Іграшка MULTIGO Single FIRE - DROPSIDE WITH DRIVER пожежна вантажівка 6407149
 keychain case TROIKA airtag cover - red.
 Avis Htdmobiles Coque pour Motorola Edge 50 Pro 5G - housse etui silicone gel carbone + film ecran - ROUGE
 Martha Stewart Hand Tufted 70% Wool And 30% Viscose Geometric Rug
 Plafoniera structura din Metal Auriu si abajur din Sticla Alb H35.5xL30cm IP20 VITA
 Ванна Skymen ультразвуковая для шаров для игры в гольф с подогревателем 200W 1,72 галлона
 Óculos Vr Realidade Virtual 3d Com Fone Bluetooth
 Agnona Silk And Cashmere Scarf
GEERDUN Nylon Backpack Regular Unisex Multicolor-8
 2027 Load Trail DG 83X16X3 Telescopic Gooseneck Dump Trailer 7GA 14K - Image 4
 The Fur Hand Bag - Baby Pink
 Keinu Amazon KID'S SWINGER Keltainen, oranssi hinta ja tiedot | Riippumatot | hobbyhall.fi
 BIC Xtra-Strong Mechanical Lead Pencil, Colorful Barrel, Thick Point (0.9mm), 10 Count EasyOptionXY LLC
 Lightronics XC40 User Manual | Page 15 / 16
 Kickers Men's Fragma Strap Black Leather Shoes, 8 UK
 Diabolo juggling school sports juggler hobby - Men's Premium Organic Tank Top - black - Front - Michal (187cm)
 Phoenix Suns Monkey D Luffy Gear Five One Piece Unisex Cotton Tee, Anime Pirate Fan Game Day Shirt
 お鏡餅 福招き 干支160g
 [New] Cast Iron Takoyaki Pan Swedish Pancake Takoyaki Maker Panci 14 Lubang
⁂
EXERCISE DIRECTIONS -
Go through the lines above. Select every one that has the string "Hand".

ANSWER FOR THE TASK -
 Martha Stewart Hand Tufted 70% Wool And 30% Viscose Geometric Rug
 The Fur Hand Bag - Baby Pink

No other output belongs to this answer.